Das Handschriftenverhältniss in Rudolfs von Ems Barlaam von Dr. Franz Söhns. Erlangen. Verlag von Andreas Deichert. 1878. 8°. 86 S. 1 M. 80 Pf.

Pfeiffer sagt S. 409 seiner Ausgabe: 'Unter allen diesen Handschriften, deren Benützung mir vergönnt war, ist keine von vorzüglichem Werthe, keine der ich im Allgemeinen größeren Vorzug schenken durfte als der andern', und an mehreren zweifelhaften Stellen hat er deshalb die lateinische Vorlage zur Entscheidung herangezogen, was freilich noch viel öfter und durchgreifender hätte geschehen können.

Im Wesentlichen zu demselben Resultate gelangt die vorliegende Arbeit, die sich zugleich eine genauere Classification der Handschriften und so weit als möglich auch der erhaltenen Bruchstücke von Handschriften zur Aufgabe gemacht hat. Leider wird die Sicherheit der Resultate sowohl durch Fehler der Methode als durch Ungenauigkeiten und Flüchtigkeiten im Einzelnen nicht unwesentlich beschränkt, und ein neuer Herausgeber des Gedichtes wird sich nicht etwa auf dieselben bauend die Mühe eigener selbständiger Untersuchung über die Hss. ersparen dürfen.

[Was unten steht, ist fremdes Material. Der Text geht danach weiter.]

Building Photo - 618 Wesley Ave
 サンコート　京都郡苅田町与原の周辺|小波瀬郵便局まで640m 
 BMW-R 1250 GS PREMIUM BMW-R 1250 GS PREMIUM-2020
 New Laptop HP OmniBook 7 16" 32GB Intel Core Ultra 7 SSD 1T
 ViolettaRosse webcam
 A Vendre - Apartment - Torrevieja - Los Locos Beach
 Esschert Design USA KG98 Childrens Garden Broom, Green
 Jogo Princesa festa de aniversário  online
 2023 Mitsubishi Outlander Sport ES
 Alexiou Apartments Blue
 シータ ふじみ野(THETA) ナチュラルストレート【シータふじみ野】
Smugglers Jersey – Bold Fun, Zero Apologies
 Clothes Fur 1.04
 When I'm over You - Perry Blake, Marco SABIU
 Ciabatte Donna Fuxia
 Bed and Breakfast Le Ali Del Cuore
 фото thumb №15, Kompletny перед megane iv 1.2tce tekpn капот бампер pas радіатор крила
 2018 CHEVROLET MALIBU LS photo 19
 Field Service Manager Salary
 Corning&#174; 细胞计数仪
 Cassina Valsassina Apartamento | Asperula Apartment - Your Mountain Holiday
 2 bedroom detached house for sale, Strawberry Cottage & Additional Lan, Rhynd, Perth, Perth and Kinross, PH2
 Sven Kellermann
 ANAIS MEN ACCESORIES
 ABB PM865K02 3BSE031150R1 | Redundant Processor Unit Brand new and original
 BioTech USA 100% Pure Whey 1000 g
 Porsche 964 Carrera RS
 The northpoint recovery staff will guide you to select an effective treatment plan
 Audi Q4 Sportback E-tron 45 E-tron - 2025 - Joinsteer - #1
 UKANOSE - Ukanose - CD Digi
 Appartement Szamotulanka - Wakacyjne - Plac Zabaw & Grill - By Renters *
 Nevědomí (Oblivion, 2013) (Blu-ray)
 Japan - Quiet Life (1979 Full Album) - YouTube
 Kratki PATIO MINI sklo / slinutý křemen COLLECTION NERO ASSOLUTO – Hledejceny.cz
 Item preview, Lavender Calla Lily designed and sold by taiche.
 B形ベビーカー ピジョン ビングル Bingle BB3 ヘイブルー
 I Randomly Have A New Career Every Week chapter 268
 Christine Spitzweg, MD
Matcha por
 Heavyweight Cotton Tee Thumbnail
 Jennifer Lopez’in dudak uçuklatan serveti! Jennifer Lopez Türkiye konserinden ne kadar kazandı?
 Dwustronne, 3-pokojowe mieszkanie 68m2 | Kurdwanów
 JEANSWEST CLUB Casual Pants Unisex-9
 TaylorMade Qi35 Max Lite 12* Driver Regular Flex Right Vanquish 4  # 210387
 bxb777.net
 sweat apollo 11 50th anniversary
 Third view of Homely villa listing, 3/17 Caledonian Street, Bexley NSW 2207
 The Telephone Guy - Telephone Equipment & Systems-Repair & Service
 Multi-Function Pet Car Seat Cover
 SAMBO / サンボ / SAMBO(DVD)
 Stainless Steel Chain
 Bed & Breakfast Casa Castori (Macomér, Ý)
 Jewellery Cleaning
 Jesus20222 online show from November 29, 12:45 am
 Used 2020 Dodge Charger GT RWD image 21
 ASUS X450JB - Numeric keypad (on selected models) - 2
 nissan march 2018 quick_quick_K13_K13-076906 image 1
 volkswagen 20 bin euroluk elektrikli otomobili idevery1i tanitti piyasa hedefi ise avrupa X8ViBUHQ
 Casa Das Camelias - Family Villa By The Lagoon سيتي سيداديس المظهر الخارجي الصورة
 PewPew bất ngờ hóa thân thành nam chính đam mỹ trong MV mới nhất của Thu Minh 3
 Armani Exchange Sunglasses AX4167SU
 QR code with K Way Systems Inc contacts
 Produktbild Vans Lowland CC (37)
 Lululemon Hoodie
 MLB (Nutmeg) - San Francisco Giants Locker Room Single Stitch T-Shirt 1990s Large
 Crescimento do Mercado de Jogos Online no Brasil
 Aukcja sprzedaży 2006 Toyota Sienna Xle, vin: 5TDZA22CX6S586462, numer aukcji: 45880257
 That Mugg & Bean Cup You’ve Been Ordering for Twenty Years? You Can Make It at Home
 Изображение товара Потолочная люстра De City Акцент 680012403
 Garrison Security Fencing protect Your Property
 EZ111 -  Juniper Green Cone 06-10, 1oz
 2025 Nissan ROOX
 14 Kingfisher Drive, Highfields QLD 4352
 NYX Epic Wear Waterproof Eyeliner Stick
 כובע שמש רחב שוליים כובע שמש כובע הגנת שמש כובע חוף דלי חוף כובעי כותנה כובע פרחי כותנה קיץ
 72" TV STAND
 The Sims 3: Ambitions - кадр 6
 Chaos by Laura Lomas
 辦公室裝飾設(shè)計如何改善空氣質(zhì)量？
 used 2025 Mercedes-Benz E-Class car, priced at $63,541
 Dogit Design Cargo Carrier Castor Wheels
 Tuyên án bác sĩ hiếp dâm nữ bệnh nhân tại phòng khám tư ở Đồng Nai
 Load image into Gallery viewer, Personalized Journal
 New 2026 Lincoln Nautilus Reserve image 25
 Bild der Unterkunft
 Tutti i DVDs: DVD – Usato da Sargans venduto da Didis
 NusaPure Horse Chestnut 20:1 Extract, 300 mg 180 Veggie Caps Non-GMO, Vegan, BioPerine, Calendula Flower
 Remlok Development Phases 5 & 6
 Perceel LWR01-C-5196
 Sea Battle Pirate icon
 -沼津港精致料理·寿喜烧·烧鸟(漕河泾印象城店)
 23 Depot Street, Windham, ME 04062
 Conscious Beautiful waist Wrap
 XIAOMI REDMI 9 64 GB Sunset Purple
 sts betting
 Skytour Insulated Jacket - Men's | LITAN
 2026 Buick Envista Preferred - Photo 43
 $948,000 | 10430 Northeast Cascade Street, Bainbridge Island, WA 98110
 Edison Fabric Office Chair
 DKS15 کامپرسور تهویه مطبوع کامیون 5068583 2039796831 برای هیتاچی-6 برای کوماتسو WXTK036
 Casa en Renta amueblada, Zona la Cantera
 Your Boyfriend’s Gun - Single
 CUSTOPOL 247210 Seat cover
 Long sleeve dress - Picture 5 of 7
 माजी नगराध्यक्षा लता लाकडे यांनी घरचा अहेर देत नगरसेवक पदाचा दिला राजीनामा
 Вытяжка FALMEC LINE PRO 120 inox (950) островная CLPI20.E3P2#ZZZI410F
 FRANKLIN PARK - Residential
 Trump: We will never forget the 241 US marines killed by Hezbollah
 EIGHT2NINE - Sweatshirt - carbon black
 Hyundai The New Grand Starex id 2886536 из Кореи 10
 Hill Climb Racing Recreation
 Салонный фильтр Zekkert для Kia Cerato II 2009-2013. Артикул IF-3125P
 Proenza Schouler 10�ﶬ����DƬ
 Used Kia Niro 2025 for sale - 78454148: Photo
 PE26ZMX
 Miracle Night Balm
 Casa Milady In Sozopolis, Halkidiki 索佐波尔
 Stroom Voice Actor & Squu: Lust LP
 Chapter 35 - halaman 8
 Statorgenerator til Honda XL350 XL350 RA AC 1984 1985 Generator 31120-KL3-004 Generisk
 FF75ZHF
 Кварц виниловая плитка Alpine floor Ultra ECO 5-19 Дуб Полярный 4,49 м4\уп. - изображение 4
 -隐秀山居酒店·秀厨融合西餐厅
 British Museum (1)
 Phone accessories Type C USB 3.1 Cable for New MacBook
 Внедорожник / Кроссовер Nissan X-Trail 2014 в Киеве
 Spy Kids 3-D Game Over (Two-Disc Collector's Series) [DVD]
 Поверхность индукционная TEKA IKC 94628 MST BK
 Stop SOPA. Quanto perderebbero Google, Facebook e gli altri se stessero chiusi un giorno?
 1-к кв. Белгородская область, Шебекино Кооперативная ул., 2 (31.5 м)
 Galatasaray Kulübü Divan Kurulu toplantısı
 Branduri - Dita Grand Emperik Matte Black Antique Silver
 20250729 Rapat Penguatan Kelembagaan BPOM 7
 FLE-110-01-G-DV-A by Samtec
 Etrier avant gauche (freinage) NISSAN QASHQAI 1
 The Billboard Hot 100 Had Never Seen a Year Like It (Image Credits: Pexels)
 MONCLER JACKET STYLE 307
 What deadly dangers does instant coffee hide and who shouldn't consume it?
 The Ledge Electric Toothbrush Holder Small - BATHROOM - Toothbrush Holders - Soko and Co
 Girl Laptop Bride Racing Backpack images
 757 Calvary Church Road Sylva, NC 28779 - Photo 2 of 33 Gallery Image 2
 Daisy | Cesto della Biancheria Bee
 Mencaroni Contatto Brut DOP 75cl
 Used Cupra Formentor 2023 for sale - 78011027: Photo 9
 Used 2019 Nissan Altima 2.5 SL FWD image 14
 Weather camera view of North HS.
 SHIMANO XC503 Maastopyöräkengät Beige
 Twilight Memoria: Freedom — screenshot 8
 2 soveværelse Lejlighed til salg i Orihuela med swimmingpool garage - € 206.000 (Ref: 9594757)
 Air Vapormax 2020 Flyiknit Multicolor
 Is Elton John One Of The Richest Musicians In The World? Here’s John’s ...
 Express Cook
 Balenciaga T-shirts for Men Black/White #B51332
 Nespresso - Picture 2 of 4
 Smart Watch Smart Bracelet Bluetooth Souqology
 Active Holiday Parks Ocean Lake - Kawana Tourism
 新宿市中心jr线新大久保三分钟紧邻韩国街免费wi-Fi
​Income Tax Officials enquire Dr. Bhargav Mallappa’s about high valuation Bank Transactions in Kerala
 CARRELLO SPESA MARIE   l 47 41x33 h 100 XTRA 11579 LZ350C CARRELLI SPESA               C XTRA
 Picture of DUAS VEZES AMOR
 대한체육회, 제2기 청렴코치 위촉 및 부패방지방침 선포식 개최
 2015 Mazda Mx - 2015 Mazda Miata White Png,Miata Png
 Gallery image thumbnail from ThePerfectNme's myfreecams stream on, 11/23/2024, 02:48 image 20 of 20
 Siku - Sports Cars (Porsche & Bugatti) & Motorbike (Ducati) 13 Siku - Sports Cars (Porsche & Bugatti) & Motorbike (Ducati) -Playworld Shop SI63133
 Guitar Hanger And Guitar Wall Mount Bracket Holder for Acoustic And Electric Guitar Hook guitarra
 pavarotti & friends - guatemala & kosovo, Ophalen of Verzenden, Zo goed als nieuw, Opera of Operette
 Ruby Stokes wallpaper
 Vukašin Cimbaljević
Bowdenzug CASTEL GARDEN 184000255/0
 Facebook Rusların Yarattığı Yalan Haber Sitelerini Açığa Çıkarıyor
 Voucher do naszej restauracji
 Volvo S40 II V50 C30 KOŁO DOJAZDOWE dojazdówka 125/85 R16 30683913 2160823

Der Vf. beginnt mit einer Aufzählung der schon von Pfeiffer benützten und einiger seither hinzugekommenen Textquellen, letztere größtentheils Bruchstücke, nur eine vollständige Hs., die Bonner Pergamenths. des 14. Jhs. (vom Vf. mit L bezeichnet) ist darunter. Dieß Verzeichniß aber und damit die ganze Untersuchung ist nicht vollständig. Ich weiß nicht gleich, wie viel in Katalogen und andern Büchern, die ich im Augenblick nicht nachschlagen kann, etwa noch Hss. des Barlaam verzeichnet sind; aber an einer Stelle, die der Herr Vf. sicher auch gelesen haben muß, nämlich Pfeiffers Anmerkung zu 294, 35, sind deren zwei erwähnt: eine Gothaer (Jacobs II, 241-243) und eine Wiener (Nr. 2884 Pap. 14. Jh.). Es hat mich gewundert, da der Hr. Vf. sich doch um die Bonner und Fragmente anderer Hss. bemüht hat, über diese beiden auch nicht ein Wort zu finden. Von der Wiener besitze ich eine freilich nur zur Probe gemachte Collation kurzer Stücke aus verschiedenen Theilen des Gedichtes, die jedoch ausreicht, um ungefähr ihre Stellung unter den übrigen Hss. erkennen zu laßen. Ich werde darauf zurückkommen.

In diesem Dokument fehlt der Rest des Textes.